Viande in vitro : "Une bulle médiatique qui repose sur un support scientifique très faible"

Viande ou "nouvel aliment", les données scientifiques sont encore insuffisantes pour pouvoir trancher.

La viande produite en laboratoire est fabriquée à partir de cellules souches prélevées sur un animal puis transformées en fibres musculaires après avoir été cultivées dans un incubateur. Le milieu de culture doit comporter des glucides, des lipides et des acides aminés ainsi que des hormones et des facteurs de croissance.
À l'horizon 2030, le marché est évalué à 2,7 milliards $.
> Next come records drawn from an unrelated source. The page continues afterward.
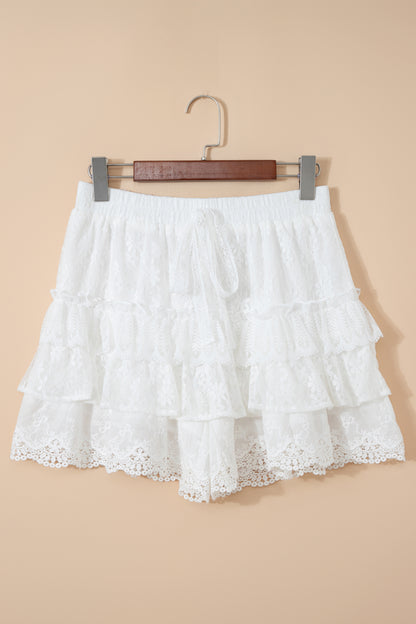White Lace Ruffle Tiered Shorts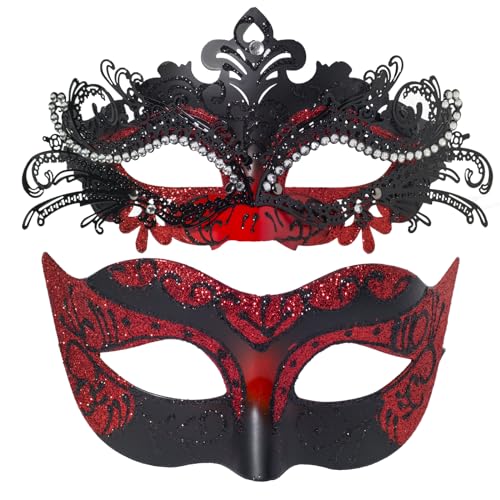 FRUOR Rote Maskerade Maske Set für Paare, Frauen Metallmaske mit Strass und Männer venezianischen Stil Maske für Karneval, Halloween, Hochzeitsfeier, (EU2311_MASK_FOXMAN) von FRUOR
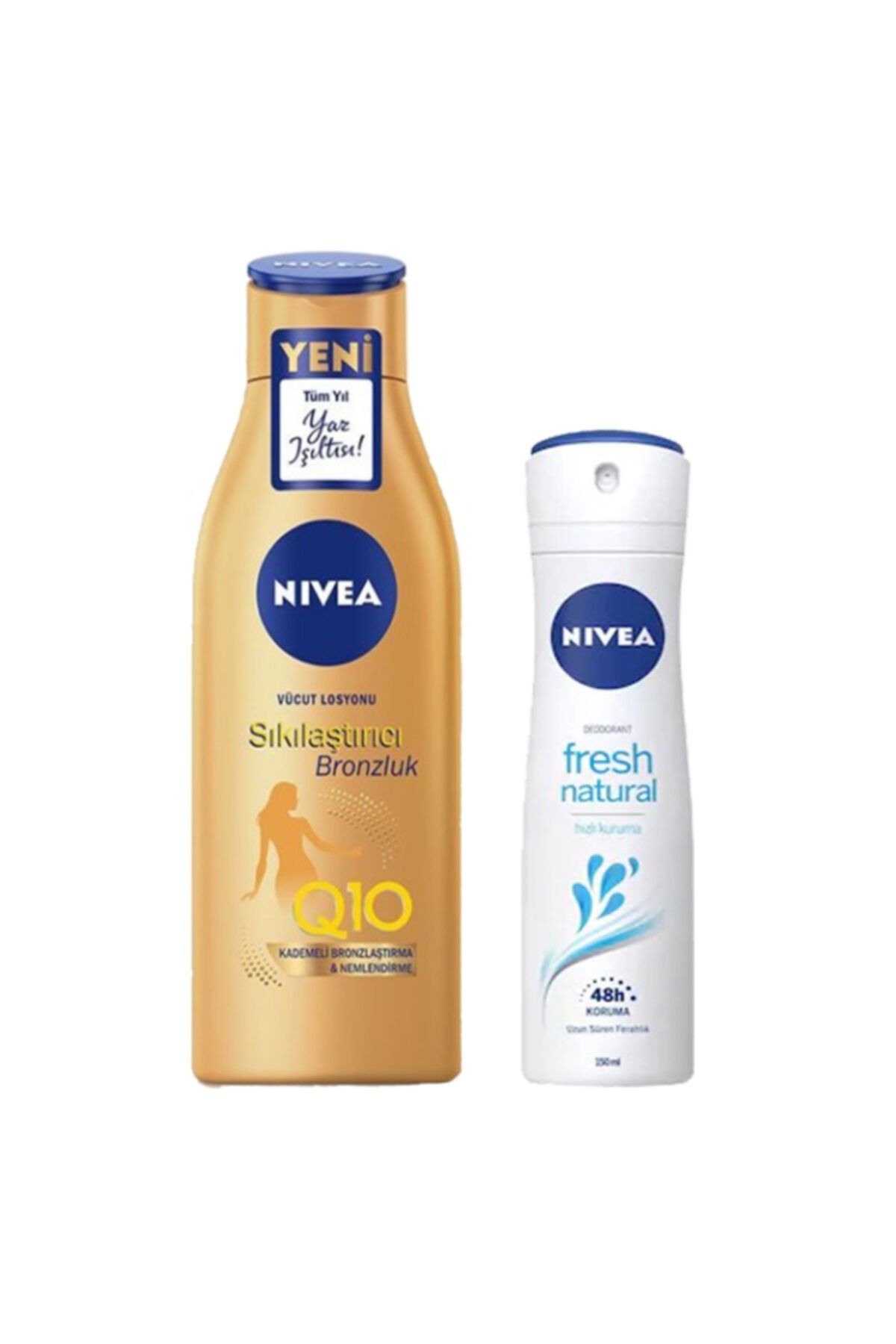 NIVEA Q10 Sıkılaştırıcı & Bronzluk Vücut Losyonu 200 Ml + Fresh Kadın Deodorant 150 Ml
On peut produire de la viande de laboratoire à partir de veau, agneau, porc, canard, poulet ou poisson. La société Gourmet, une entreprise française, a démarré avec le foie gras.
Certains experts considèrent qu'on ne peut pas appeler cette production de la "viande" : il ne s'agit que de "cellules musculaires" alors que la viande, elle, est obtenue à partir du muscle animal après un processus de maturation. Par ailleurs, les différents ajouts de vitamines, fer, antibiotiques ou fongicides dans ce type de produit en font un aliment ultra-transformé.
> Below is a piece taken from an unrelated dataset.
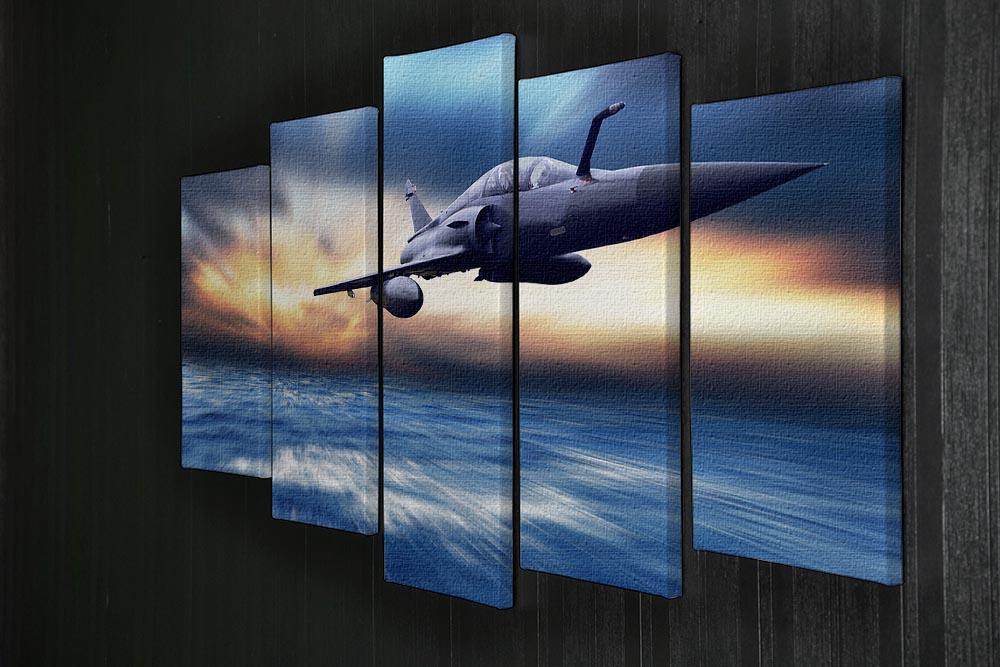 Military airplan on the speed 5 Split Panel Canvas  - Canvas Art Rocks - 2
Aujourd'hui il n'y a pas assez de données scientifiques disponibles pour vérifier la qualité sanitaire et nutritionnelle de la viande de laboratoire. On peut envisager par exemple qu'il y ait une dérive génétique dans le processus de culture des cellules.
Pour des raisons liées à la concurrence, les entreprises se gardent bien de révéler leurs techniques de fabrication. On ne compte que quelques centaines d'articles de recherche validés par la science mais des milliers dans la presse grand public.
"On peut parler d'une bulle médiatique qui repose sur un support scientifique très faible."